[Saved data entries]
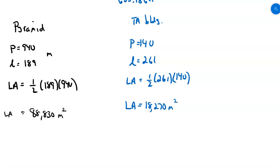The Transamerica building is obviously impressive. But compare it to pyramids built thousands of years ago — that pyramid is many times bigger. If I divide 88,830 by 18,270, the Great Pyramid is almost five times as large in terms of lateral surface area.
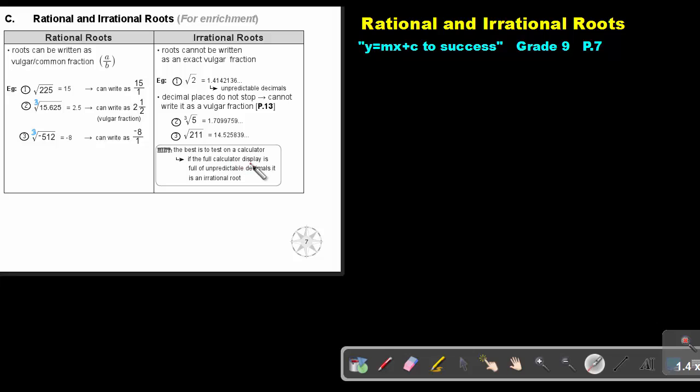The best way is to test it on a calculator. If the full calculator display is full of unpredictable decimals, it is an irrational root.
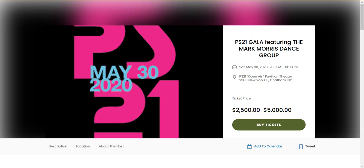Hey this is Aaron with SimpleTix. In this video I'm going to show you how you can change the button per event.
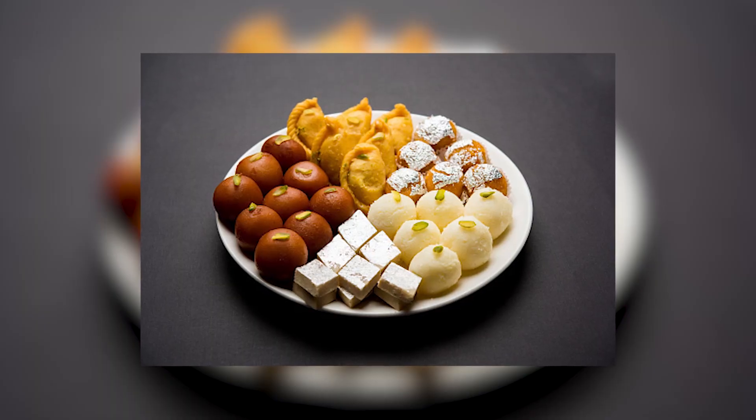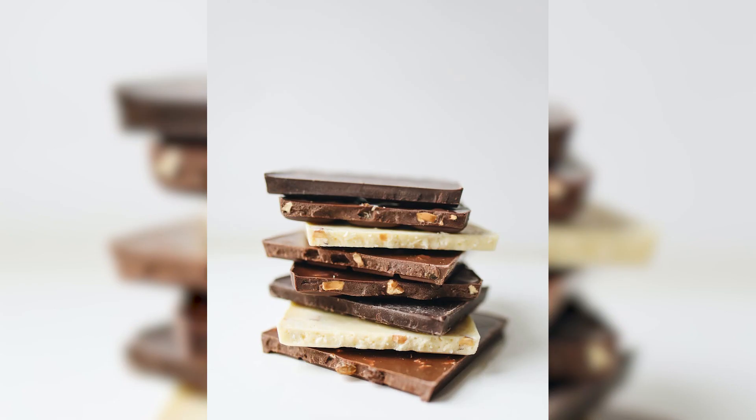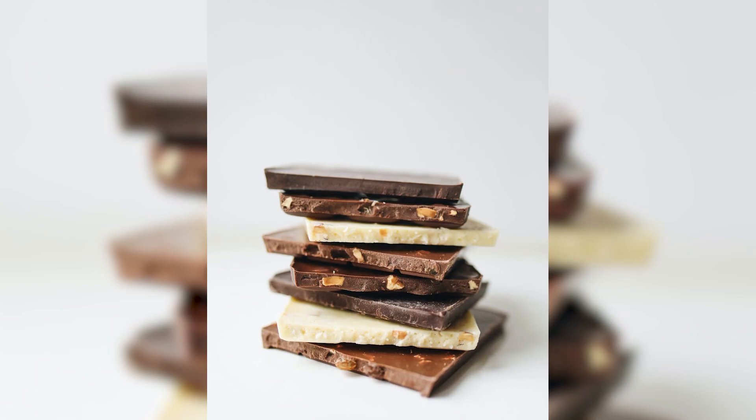The trend of Diwali is that everyone gives sweets and chocolates. So if you want to offer something different, it can also be a combination of dry fruits and sweets. You can make it for Diwali too.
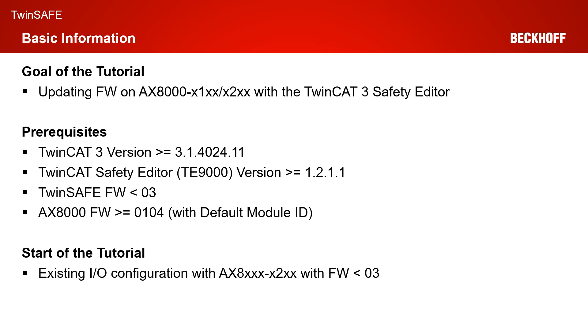As prerequisites, as usual, you need a TwinCAT 3 version greater or equal to 3.1.4024.11. You need a TwinCAT Safety Editor TE9000 version greater or equal to 1.2.1.1.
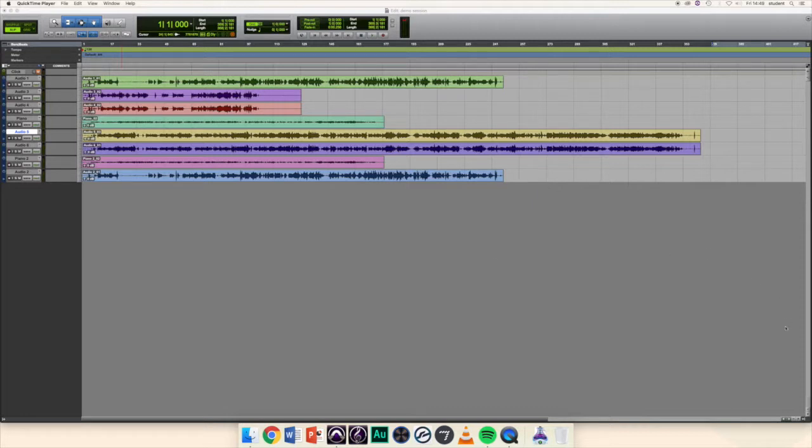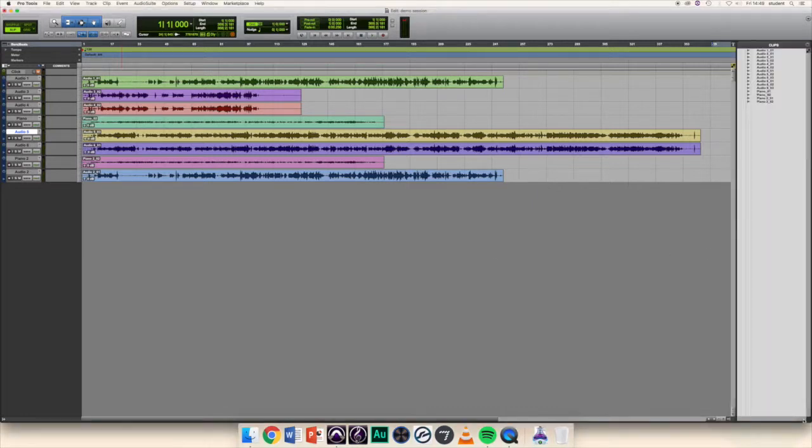Click the arrow in the bottom right hand corner of the edit window to bring up the clips menu. This shows all the files that have been recorded within this session.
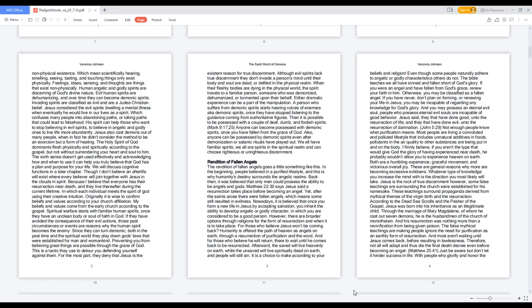Spiritual warfare starts with familiar human spirits once they have an unclean body or soul of faith in God. If they have avoided the consequence of their evil actions, those past circumstances or events are reasons why the human spirit becomes the enemy. Since they can turn demonic, both in the past time and the spiritual world, they play down God's laws that were established for man and womankind.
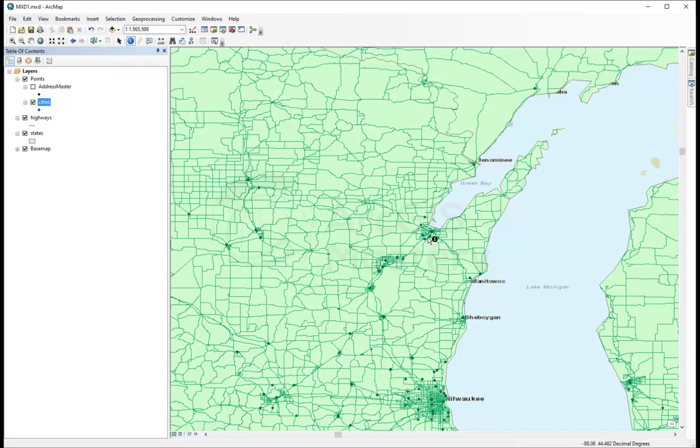As you see here right now, we have the states, the highways, and the cities, and all of them have similar colors that we cannot differentiate between them.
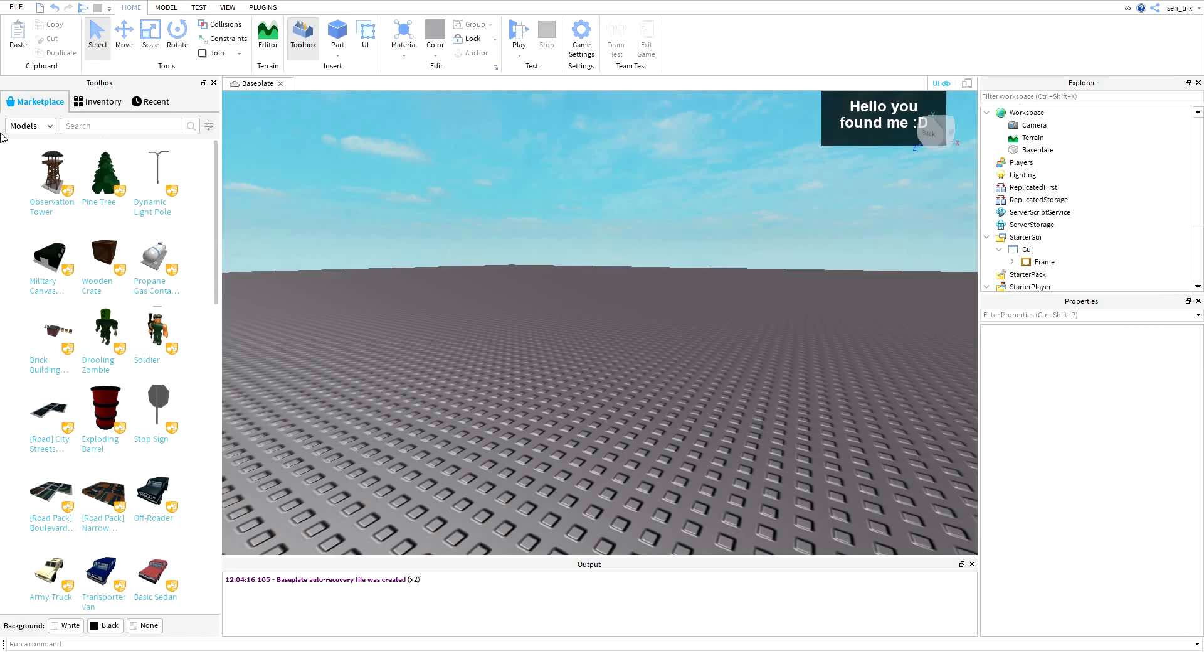Hey guys, welcome back to another video. Today I'm going to teach you guys how to make a slash E GUI command. Basically, a specific player can type that and it'll show a GUI. This was requested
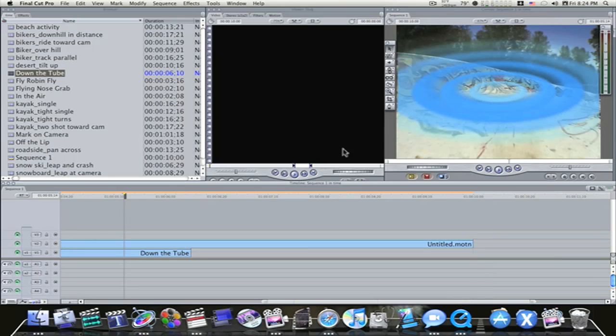I'll drop it in right there and now you can see, there it is. Okay, now I know this is ugly, I'm just showing you how this round tripping works.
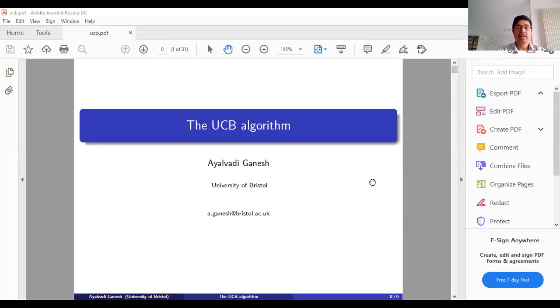Last week we introduced the multi-armed bandit problem. We defined the notion of regret, which we proposed as a metric for comparing different algorithms. We also introduced some elementary probability inequalities, which we'll use in our analysis of algorithms. This week we are going to introduce one of the main algorithms for the multi-armed bandit problem. In the first half of the unit we'll be looking at one frequentist and one Bayesian algorithm, and today we'll introduce the main frequentist one, which is called the UCB or upper confidence bound algorithm.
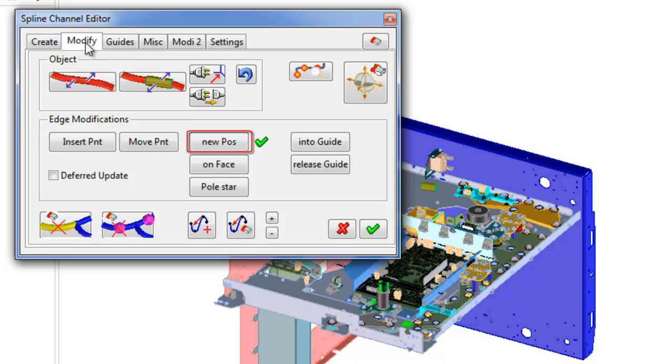Move interpolation point to object in new position. On face: move interpolation point on face. Pole star: move point in air dynamically.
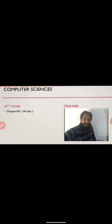Assalamualaikum warahmatullahi wabarakatuh. Dear students, I am your computer science teacher and I am going to start chapter number four, which is Array.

■ Exercise details
Quote, exactly and only, the lines from the first line of the data above through the line containing "Click the arrow". The pictures do not belong in it.

■ Output of the task
The Transamerica building is obviously impressive. But compare it to pyramids built thousands of years ago — that pyramid is many times bigger. If I divide 88,830 by 18,270, the Great Pyramid is almost five times as large in terms of lateral surface area.
The best way is to test it on a calculator. If the full calculator display is full of unpredictable decimals, it is an irrational root.
Hey this is Aaron with SimpleTix. In this video I'm going to show you how you can change the button per event.
The trend of Diwali is that everyone gives sweets and chocolates. So if you want to offer something different, it can also be a combination of dry fruits and sweets. You can make it for Diwali too.
As prerequisites, as usual, you need a TwinCAT 3 version greater or equal to 3.1.4024.11. You need a TwinCAT Safety Editor TE9000 version greater or equal to 1.2.1.1.
Click the arrow in the bottom right hand corner of the edit window to bring up the clips menu. This shows all the files that have been recorded within this session.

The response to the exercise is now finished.